Prosecutors love a coverup attempt because proof of the attempted coverup can be evidence of guilt of the underlying crime. For example, why would someone who is innocent of a murder hide the murder weapon? It was with a prosecutor’s eye that we watched last week as LMI tried to “unerase” some of the tracks it had previously hidden relating to Marlise Streitmatter’s role at LMI.
The erasing of the Streitmatter tracks:
Before going to work for LMI, Streitmatter had been the number four person in the Department of Transportation and the key point person at DOT for all things related to USMMA. One would think that LMI would proudly tout Streitmatter’s status as its employee. But, as we observed, LMI appeared to have scrubbed Streitmatter from its website. A Google search revealed her historical presence on LMI’s blog, but she had been removed from the actual blog.
There are two reasons why LMI would not want people to know that Streitmatter is its employee. First, there is evidence that LMI was pre-selected or “wired” to get the contract to conduct a culture study at USMMA. The contract was supposed to be competitively bid. But, word leaked out — even before the deadline for submitting bids had closed — that LMI was going to get the contract. With people trying to figure out why LMI was wired to get the contract when it appeared to have no particular expertise in conducting sexual assault culture studies, knowledge that Streitmatter was an LMI employee would have undoubtedly caused people to speculate that her connections to DOT were the reason for the wire.
Second, as we demonstrated in a follow up post, Streitmatter, who is assisting LMI with the culture study, has two blatant conflicts of interest: (1) the contract requires LMI to evaluate the leadership at the Academy but Streitmatter was directly involved in hiring that leadership; and (2) the contract requires LMI to examine the issues surrounding sexual assault and sexual harassment (“SA/SH”) at USMMA including the reasons why midshipmen might not report SA/SH. Yet, Streitmatter was part of the senior leadership in the Office of the Secretary of Transportation at a time when that office forced the resignation of MARAD’s chief legal counsel because that individual asked the Inspector General to investigate SA/SH at USMMA. Thus, a very plausible reason why midshipmen might be reluctant to report SA/SH is because they witnessed what happened to MARAD’s chief counsel when she tried to address SA/SH. One can readily see why DOT and MARAD would want LMI and Streitmatter to be in a position to direct the outcome of a study that will exonerate those agencies from their role in creating a climate where midshipmen might be reluctant to report SA/SH.

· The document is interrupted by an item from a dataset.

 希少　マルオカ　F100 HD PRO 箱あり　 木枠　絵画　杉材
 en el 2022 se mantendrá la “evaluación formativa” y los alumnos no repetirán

LMI “unerases” the erased tracks:
On November 13, 2016, we broke the news of Streitmatter’s involvement in our post, the LMI Scandal Unfolds. That post called attention to the fact that Streitmatter had been scrubbed from LMI’s website. Two days after we broke that story, LMI restored the missing blog post (the one referenced in the Google search). LMI “unscrubbed” Strietmatter. Unfortunately for LMI, we had taken screenshots of the scrubbed LMI website. Annotated screenshots of the website (reproduced at the end of this post) taken on November 12, and again on November 17, show how LMI is trying to cover its tracks and make it look like it never scrubbed Streitmatter from its website.
Originally, one might have been tempted to attribute innocent motives to the removal of Streitmatter from the LMI website. But then — after we revealed the conflicts of interest and the motive for scrubbing Streitmatter from the website — LMI tried to “unerase” the scrubbing. It tried to cover its tracks. Which would allow a jury to infer that it the reason for the scrubbing was for an improper motive.